** PROBLEM TO WORK ON **
Print the listing from its top line through the line containing "Fleet manager using", nothing more, and leave out the pictures.

** DATA **
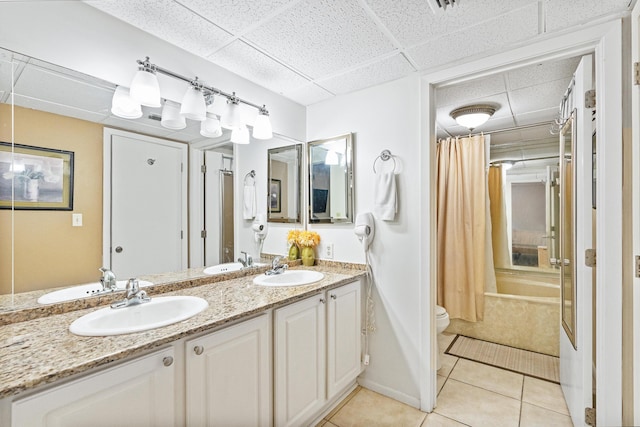11483 Front Beach Rd Unit 202, Panama City Beach, FL 32407 - bathroom with tile patterned flooring, shower / bath combo, a drop ceiling, double vanity, and toilet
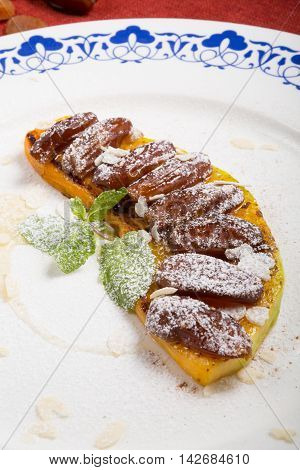 Baked pumpkin with figs and almond nuts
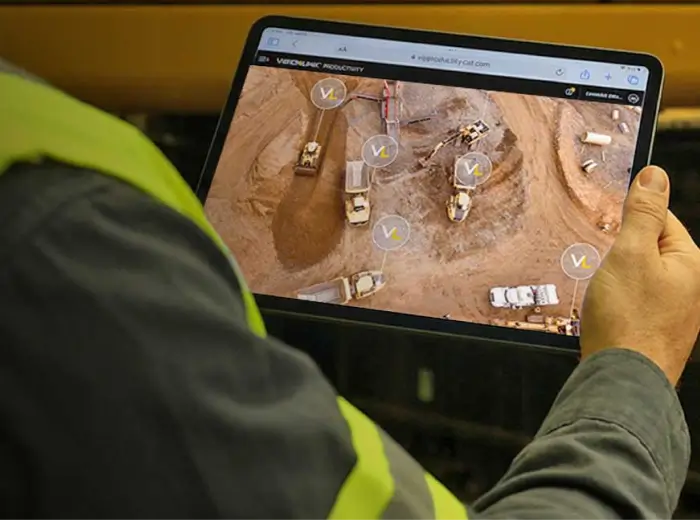 Fleet manager using tablet on construction site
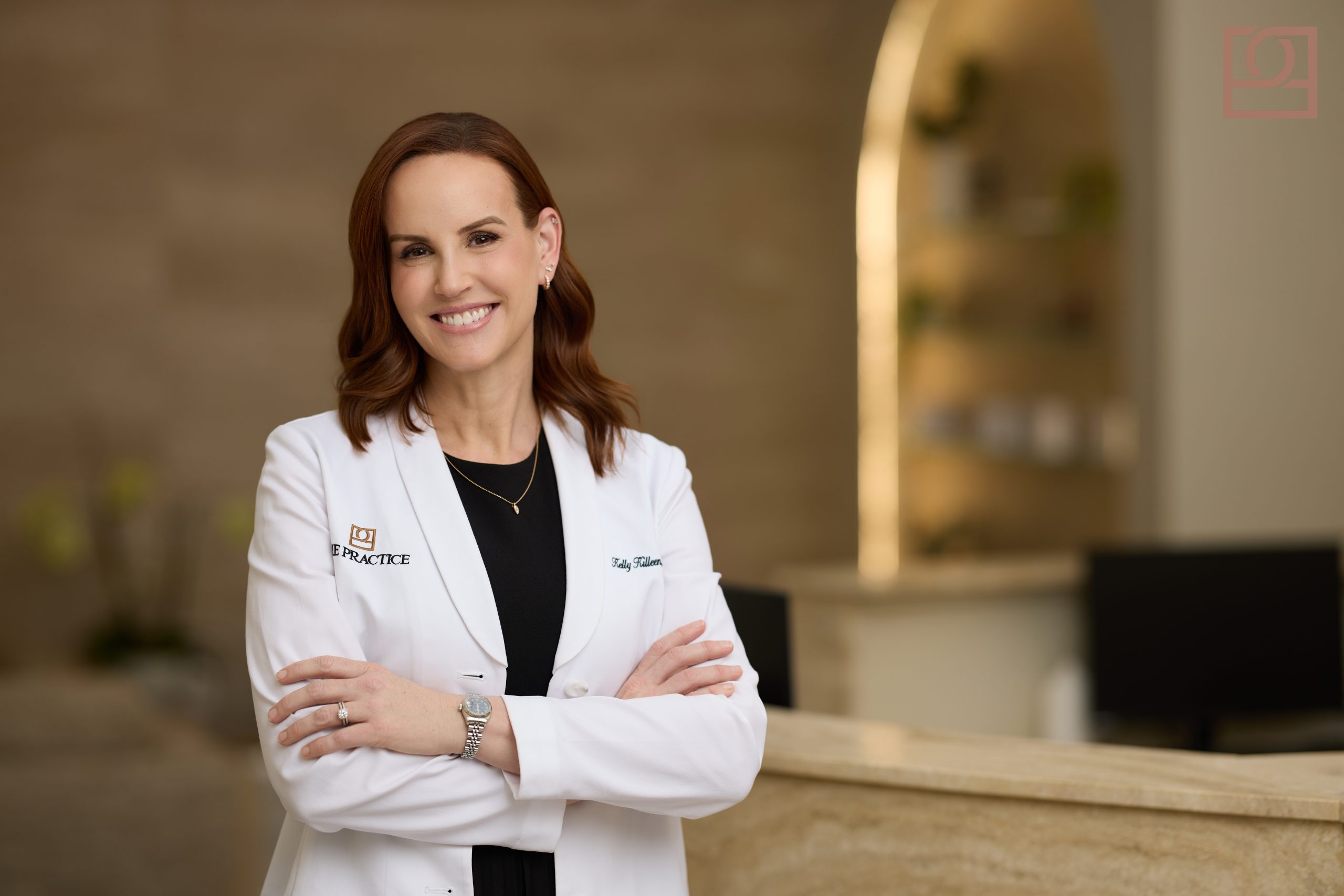 Dr. Kelly Killeen, MD FACS Dr. Kelly Killeen, double board-certified plastic surgeon at The Practice Healthcare, in a white coat with arms crossed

** ANSWER TO THIS EXERCISE **
11483 Front Beach Rd Unit 202, Panama City Beach, FL 32407 - bathroom with tile patterned flooring, shower / bath combo, a drop ceiling, double vanity, and toilet
 Baked pumpkin with figs and almond nuts
 Fleet manager using tablet on construction site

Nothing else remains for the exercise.